Exercise details – Within the entries below, please retype exactly the lines starting with the line that has "Building Photo - 2415 Marlin Dr" and going on through the line that has "Unter Beobachtung. Familienministerin", but not the pictures.

Record extracts –
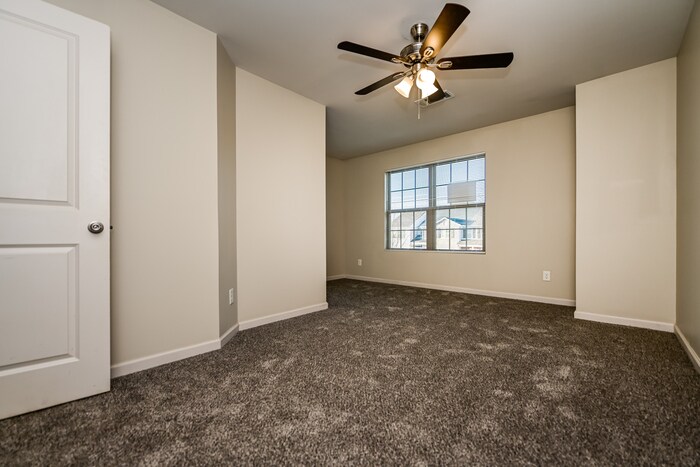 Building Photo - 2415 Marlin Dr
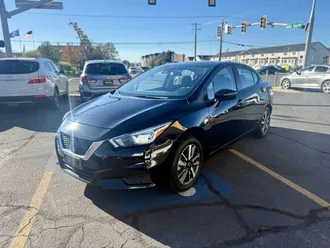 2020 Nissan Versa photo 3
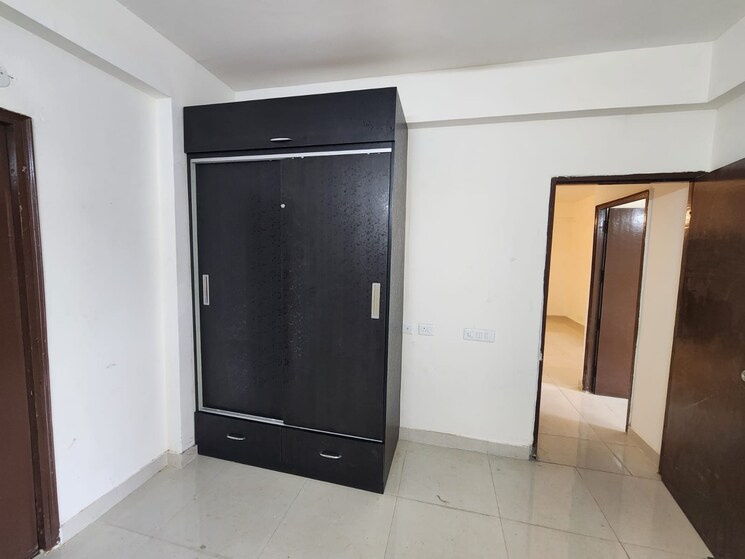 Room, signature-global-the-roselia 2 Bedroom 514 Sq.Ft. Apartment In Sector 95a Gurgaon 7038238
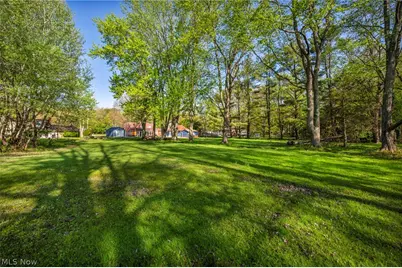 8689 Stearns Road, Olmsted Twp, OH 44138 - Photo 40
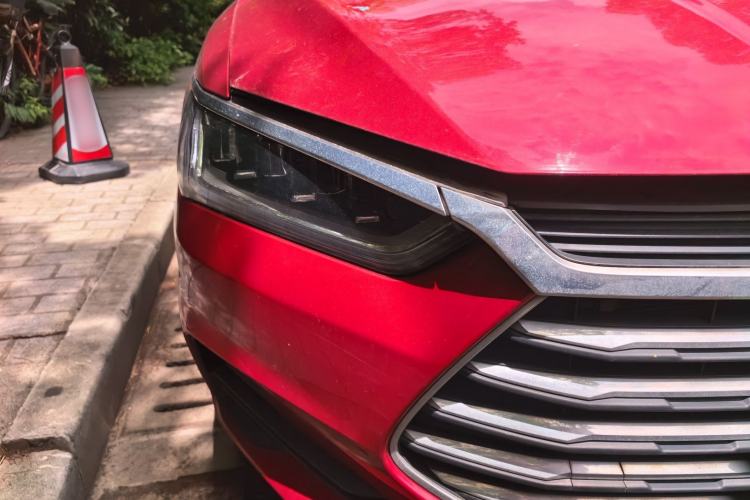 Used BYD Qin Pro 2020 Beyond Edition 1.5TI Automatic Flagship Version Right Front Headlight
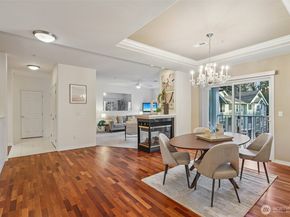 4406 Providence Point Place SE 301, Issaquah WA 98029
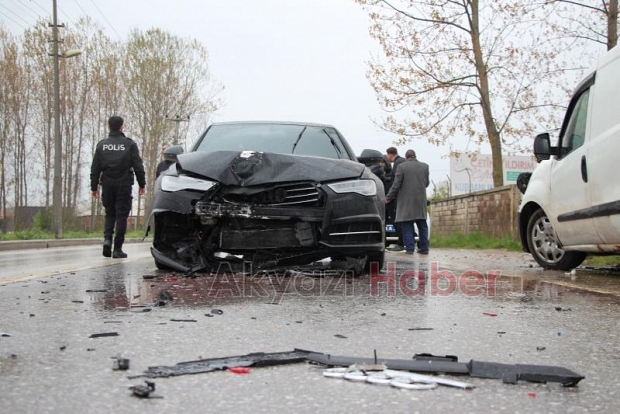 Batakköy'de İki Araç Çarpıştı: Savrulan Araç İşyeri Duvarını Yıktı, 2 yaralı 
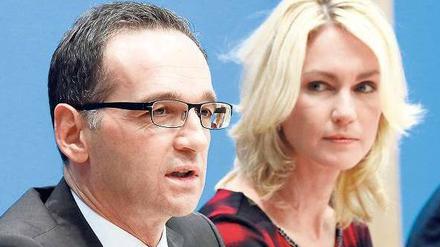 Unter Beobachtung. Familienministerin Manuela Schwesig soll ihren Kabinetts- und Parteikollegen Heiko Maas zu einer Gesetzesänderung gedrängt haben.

==

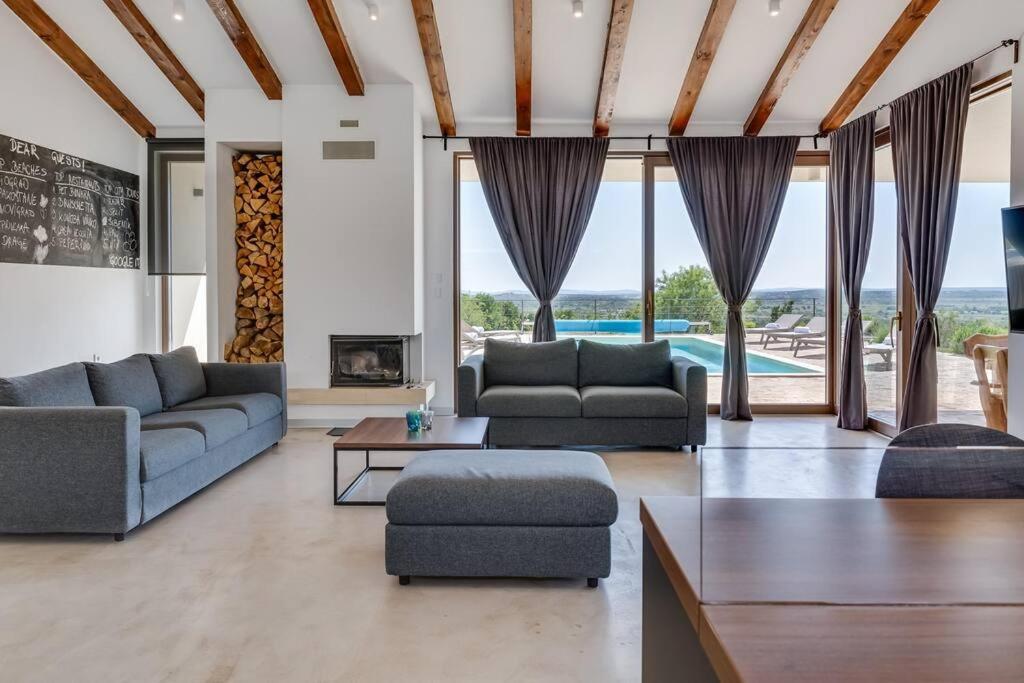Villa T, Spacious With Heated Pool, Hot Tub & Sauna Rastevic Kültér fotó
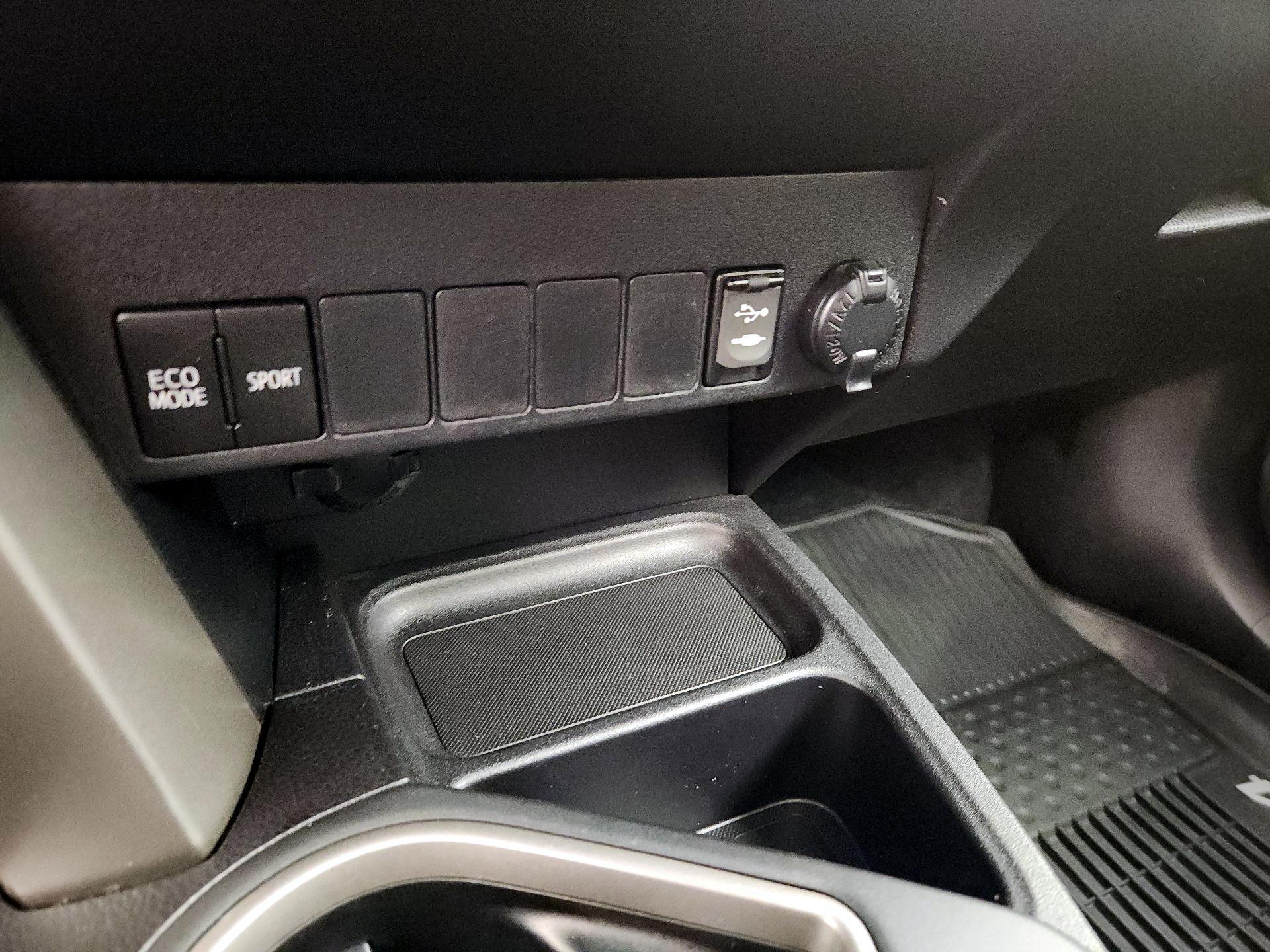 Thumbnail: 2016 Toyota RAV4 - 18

Solution to the exercise –
 Building Photo - 2415 Marlin Dr
 2020 Nissan Versa photo 3
 Room, signature-global-the-roselia 2 Bedroom 514 Sq.Ft. Apartment In Sector 95a Gurgaon 7038238
 8689 Stearns Road, Olmsted Twp, OH 44138 - Photo 40
 Used BYD Qin Pro 2020 Beyond Edition 1.5TI Automatic Flagship Version Right Front Headlight
 4406 Providence Point Place SE 301, Issaquah WA 98029
 Batakköy'de İki Araç Çarpıştı: Savrulan Araç İşyeri Duvarını Yıktı, 2 yaralı 
 Unter Beobachtung. Familienministerin Manuela Schwesig soll ihren Kabinetts- und Parteikollegen Heiko Maas zu einer Gesetzesänderung gedrängt haben.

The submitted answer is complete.